TASK TO CARRY OUT
Output exactly the lines of the listing below that run from the line with "ข้าวหน้าหมูทอด" through the line with "Casa moderna en". No pictures.

THE RECORDS
┏━━
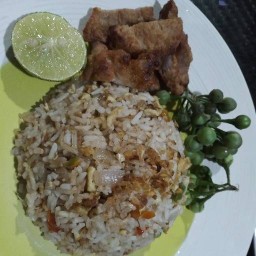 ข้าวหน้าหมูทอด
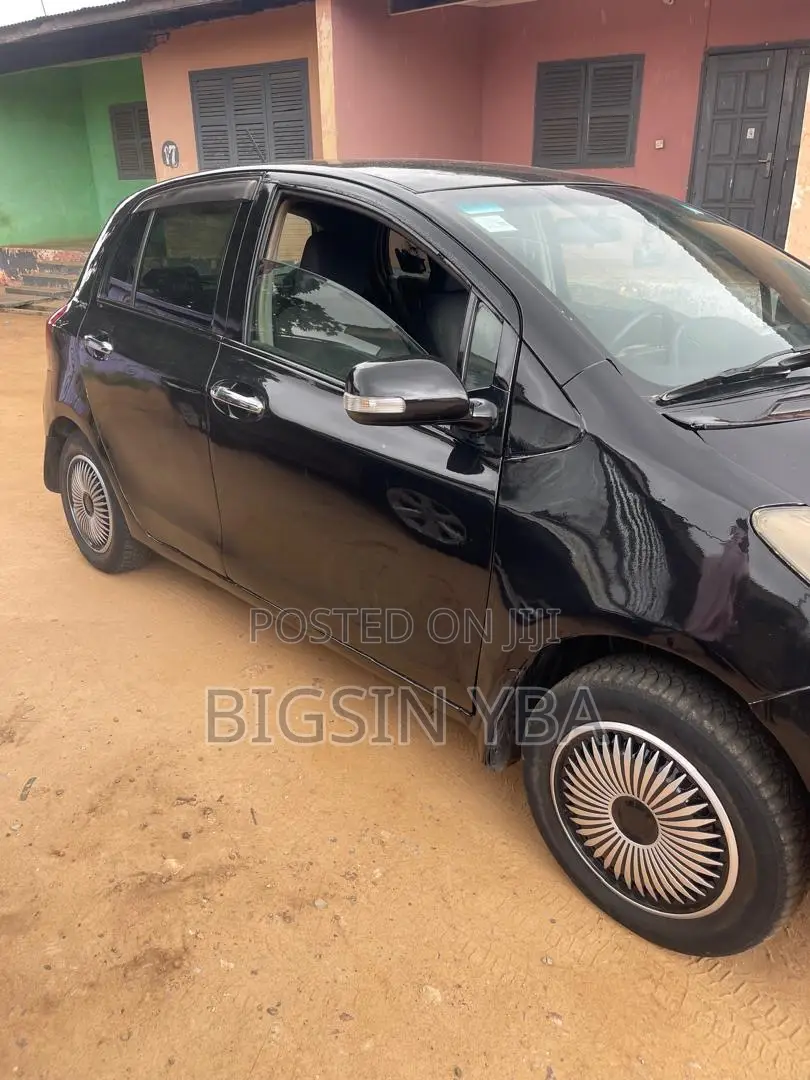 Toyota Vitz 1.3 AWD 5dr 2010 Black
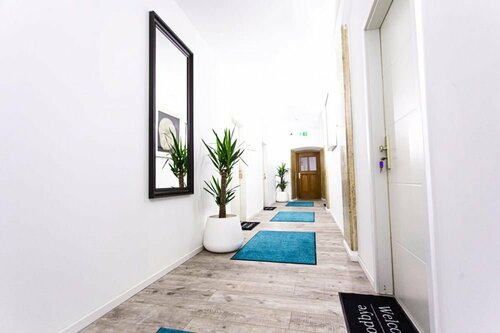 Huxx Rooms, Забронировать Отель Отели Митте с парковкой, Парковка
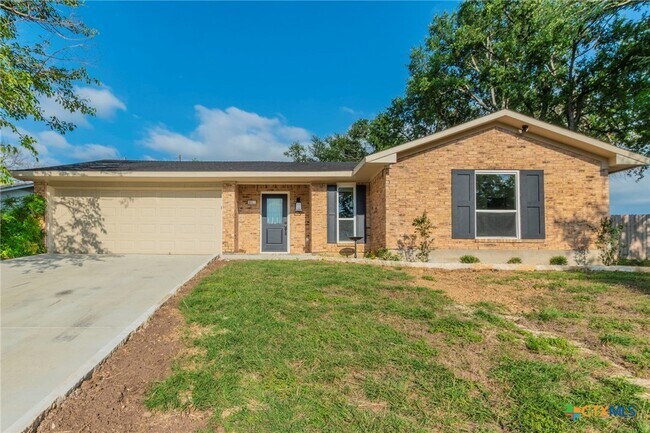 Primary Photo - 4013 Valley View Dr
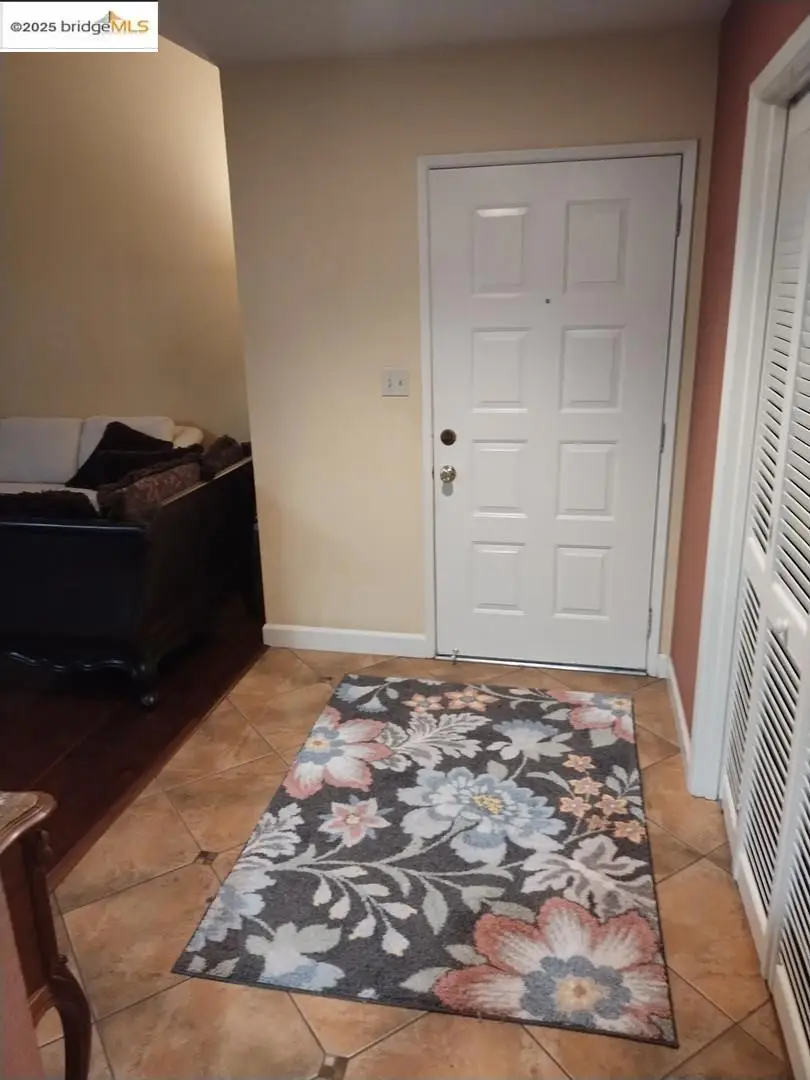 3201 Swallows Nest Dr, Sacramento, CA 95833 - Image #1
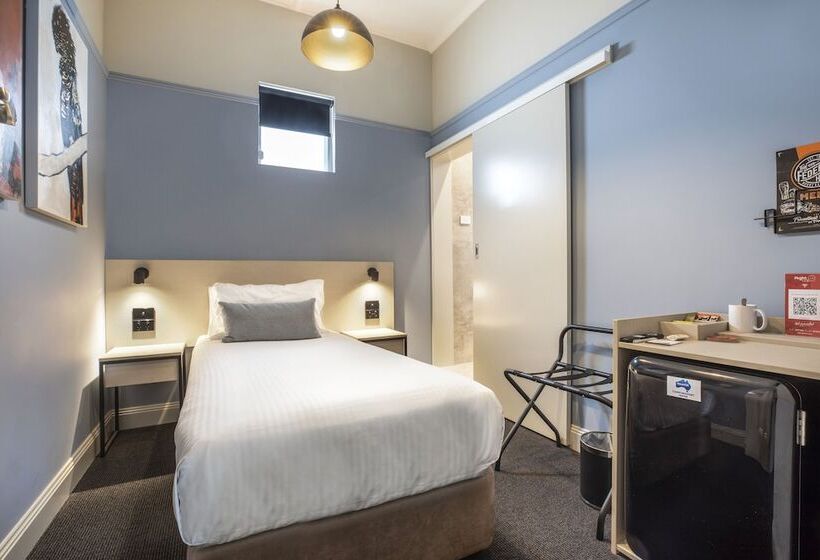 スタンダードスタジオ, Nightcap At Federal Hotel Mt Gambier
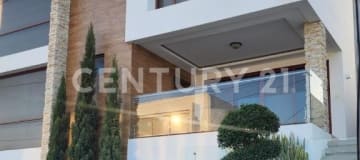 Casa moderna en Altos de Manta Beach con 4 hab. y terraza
┗━━
┏━━
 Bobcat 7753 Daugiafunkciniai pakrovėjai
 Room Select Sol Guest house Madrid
┗━━
OUTPUT FOR THIS TASK
 ข้าวหน้าหมูทอด
 Toyota Vitz 1.3 AWD 5dr 2010 Black
 Huxx Rooms, Забронировать Отель Отели Митте с парковкой, Парковка
 Primary Photo - 4013 Valley View Dr
 3201 Swallows Nest Dr, Sacramento, CA 95833 - Image #1
 スタンダードスタジオ, Nightcap At Federal Hotel Mt Gambier
 Casa moderna en Altos de Manta Beach con 4 hab. y terraza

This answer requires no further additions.